Then and Now
When Queen's started its fi rst full year of independence in 1909-10, it had 618 students, 22 per cent of them female. There were 23 professors, 10 lecturers and a variable number of annually appointed assistants. There was a full-time Secretary and Bursar and two dozen 'attendants'. A century later Queen's is educating more than 17,000 undergraduate and postgraduate students, and has more than 3,500 staff.
In 1908 the University aimed to provide a balance between liberal and practical courses for the young men and women of Ulster. Medicine, the most vocational of the four Faculties, contained almost half of all students; the other vocational Faculty, law, was very small. The Arts syllabus was dominated by the study of greek, latin, mathematics, english and french. Two-thirds of science enrolments were in physics and chemistry. There were few research students, although several professors had considerable publication records.
The liberal / vocational balance remains in place today, but patterns of study are much more varied. The classics have been subsumed into other subject groupings and broad labels such as physics and chemistry conceal sub-disciplines unimagined a century ago. The social sciences, scarcely visible in 1908, have burgeoned into a vast dominion. And, Queen's now proudly boasts of being a 'research-driven' university. Most undergraduates continue to be local, but many postgraduates come from beyond Northern Ireland.
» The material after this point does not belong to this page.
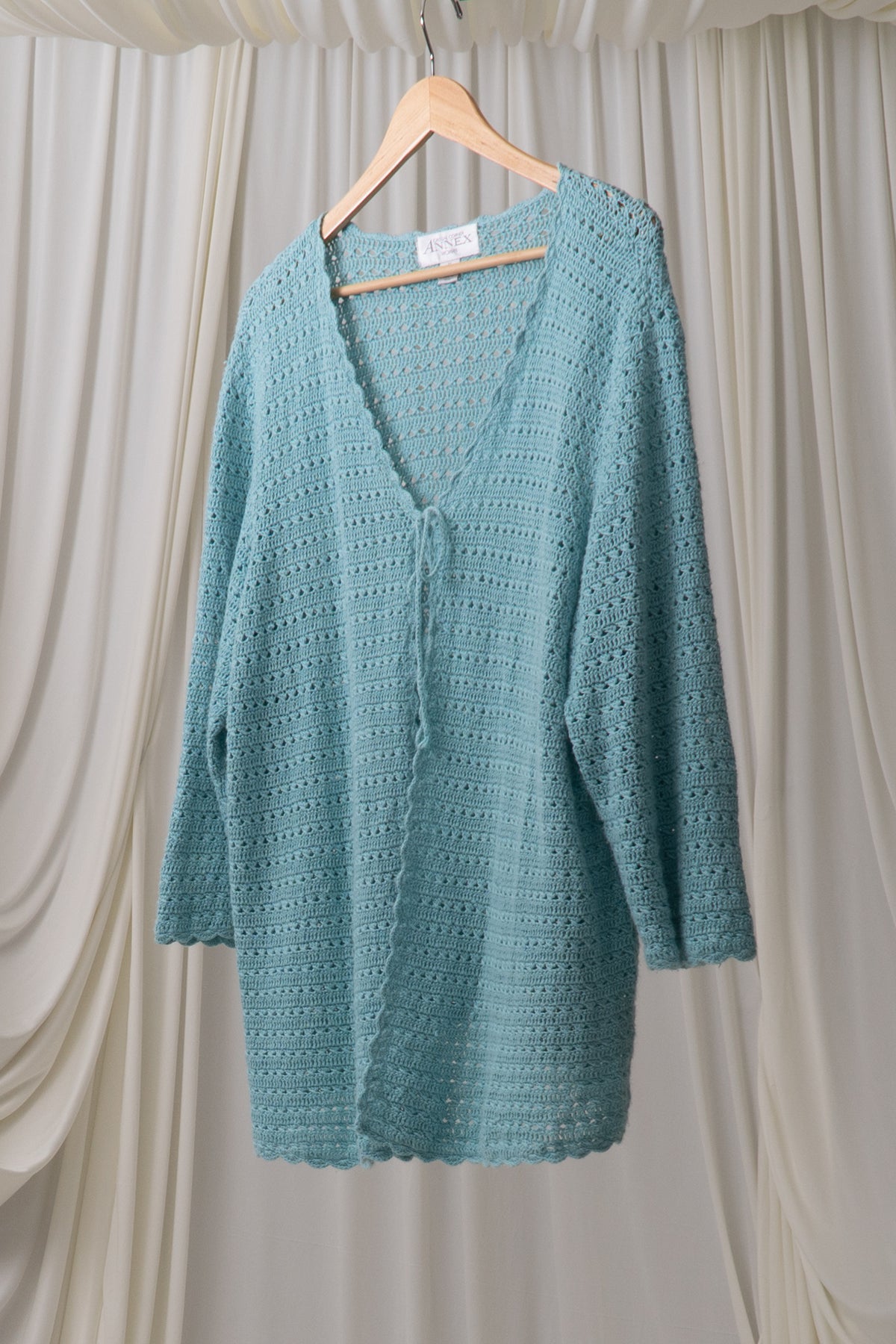 Perfect Vintage Cotton Cardigan Sweater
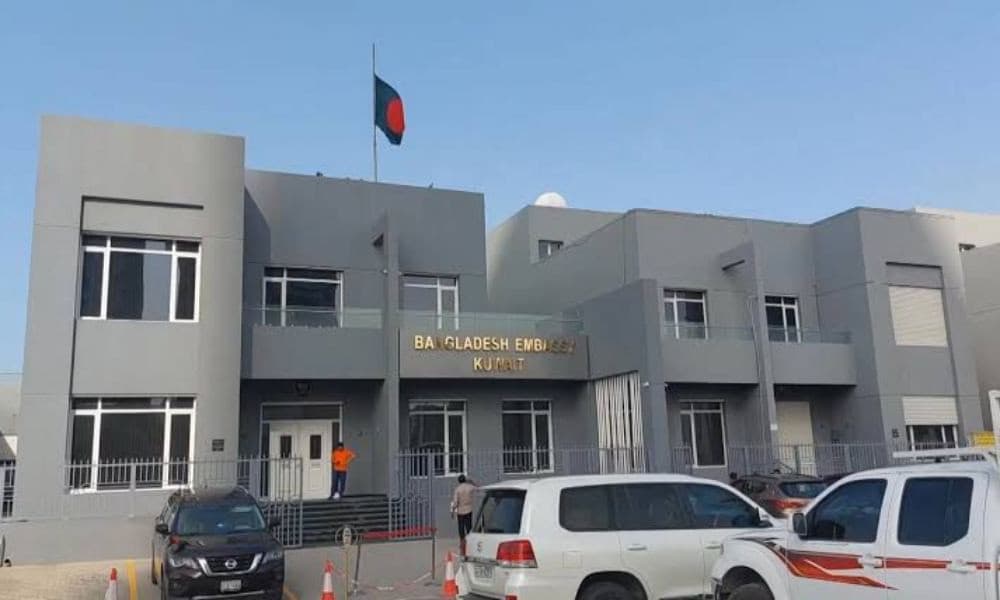 Bangladesh Embassy urges caution for expats in Kuwait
The University inherited substantial buildings from the Royal University, notably the Lanyon Building, which remains the core of the estate, although today it is supplemented by around 250 other buildings. The University also inherited the funding arrangements in place previously. Income in 1909-10 was £38,000, 70 per cent coming from governmental sources. Today annual income is around £250 million, 43 per cent of it from government, roughly a 60-fold increase over the last 100 years.